Upfront
I am not a statistician but a medical doctor. I have a working knowledge of statistical methods in my field, but this is my first time with pairwise comparisons and due to a lack of formal math training I am having a hard time to get into this new field. This is one of the questions with a pledge for simple worded answers.
Object of research
I have 8 dietary supplements and want to know, if they differ in taste and if so, which is best. So I asked 37 people to do pairwise comparisons of random pairs. I got 224 observations/votes.
Methods
Internet research suggests, that this should be evaluated via Bradley-Terry analysis and I found the BradleyTerry2
package for R
and followed their vignette. The result of a simple call to the BTm
modelling function is this:
Call:
BTm(outcome = adm$winner == "A", player1 = adm$A, player2 = adm$B)
Deviance Residuals:
Min 1Q Median 3Q Max
-2.3883 -0.6068 0.2195 0.7277 2.5585
Coefficients:
Estimate Std. Error z value Pr(>|z|)
..2 -2.2017 0.5024 -4.382 1.17e-05 ***
..3 -1.3414 0.4659 -2.879 0.003991 **
..4 1.4892 0.5862 2.540 0.011070 *
..5 1.1937 0.5293 2.255 0.024112 *
..6 -1.5988 0.4932 -3.241 0.001189 **
..7 -1.7452 0.4896 -3.564 0.000365 ***
..8 -2.5201 0.5231 -4.817 1.46e-06 ***
---
Signif. codes: 0 ‘***’ 0.001 ‘**’ 0.01 ‘*’ 0.05 ‘.’ 0.1 ‘ ’ 1
(Dispersion parameter for binomial family taken to be 1)
Null deviance: 310.53 on 224 degrees of freedom
Residual deviance: 185.07 on 217 degrees of freedom
AIC: 199.07
Number of Fisher Scoring iterations: 5
So the function chose "1" to be the reference category and fixed the ability of that to 0
and positioned all other supplements with estimates and standard errors of estimates around that. As all of these estimates are significantly different from 0
, I can conclude, that these supplements vary significantly in taste.
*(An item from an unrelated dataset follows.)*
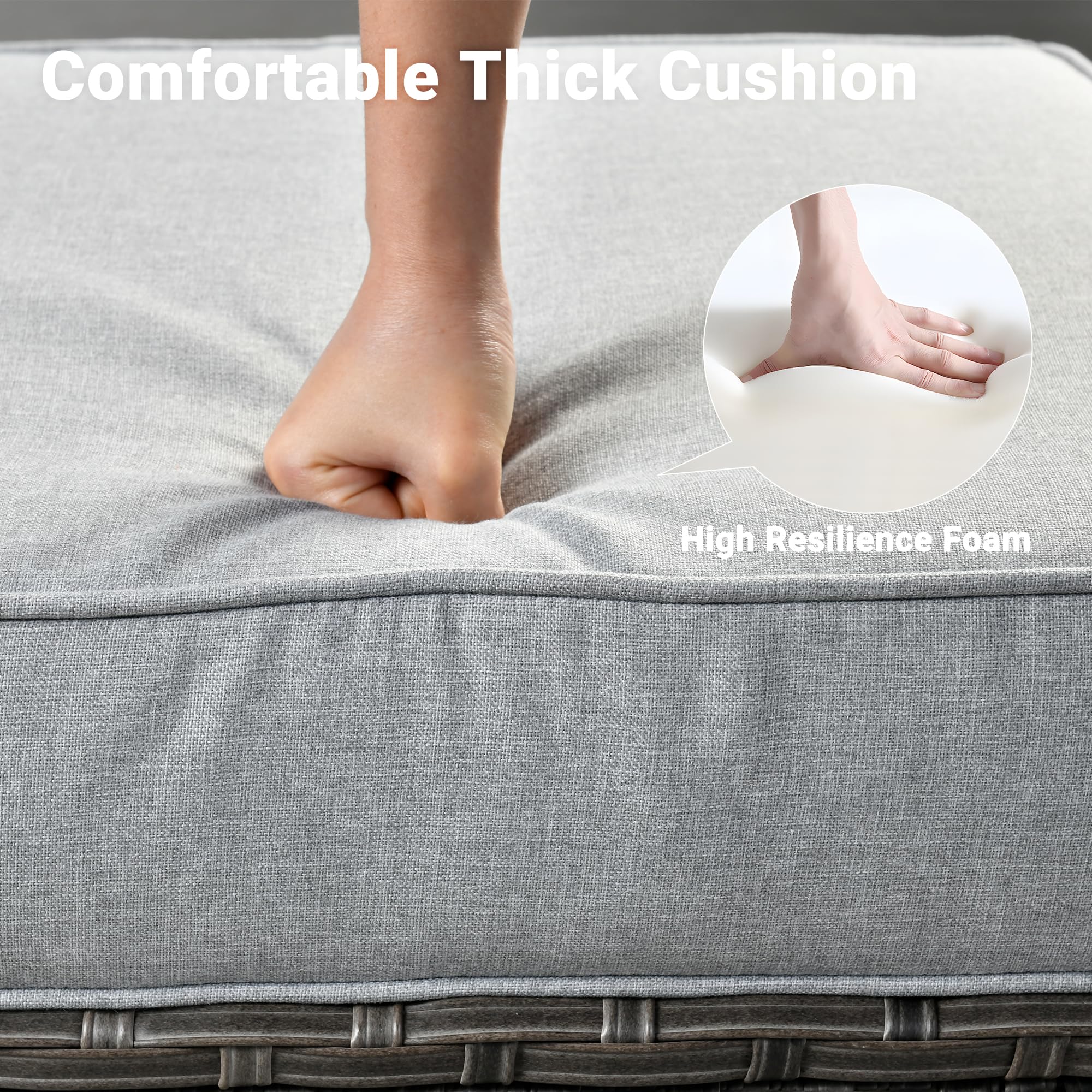 OVIOS Wicker Patio 6-Piece Set With 30'' Wicker Propane Fire Pit Table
Now the next step (chapter 4, page 11, in https://cran.r-project.org/web/packages/BradleyTerry2/vignettes/BradleyTerry.pdf ), according to the package's vignette, is to calculate "quasi variances", which leads to the following table:
estimate SE quasiSE quasiVar
1 0.000000 0.0000000 0.3657419 0.13376715
2 -2.201721 0.5023954 0.3183952 0.10137549
3 -1.341350 0.4659285 0.2914081 0.08491867
4 1.489221 0.5861939 0.5199500 0.27034804
5 1.193664 0.5292600 0.4656436 0.21682395
6 -1.598792 0.4932263 0.3113142 0.09691653
7 -1.745216 0.4896299 0.3092022 0.09560602
8 -2.520092 0.5231470 0.3418877 0.11688718
I am having a hard time trying to understand, what is happening here and why we do this. Apparently, "1" now has a standard error, too, and all other standard errors have become a little smaller. This allows me to draw a plot of the estimates with 1.96 times their quasi standard error:
In the original model, the estimate of "4" was significantly different from 0
, but now the error bars of "1" and "4" do overlap a lot. This appears to be a contradiction: Are the estimates of "1" and "4" significantly different, or are they not?
Specific questions
- How do I properly do an omnibus test on the Bradley-Terry model to proove, that it performs significantly better then a null model, i. e. that my supplements differ in taste?
- Is the original model or the "quasi-variances-thing" the best way, to present my model and how can I do inference on whether the differences between two arbitrary supplements are significant?
- Please give or point to an explanation of why (not how) we compute quasi variances in this context in as simple terms as possible.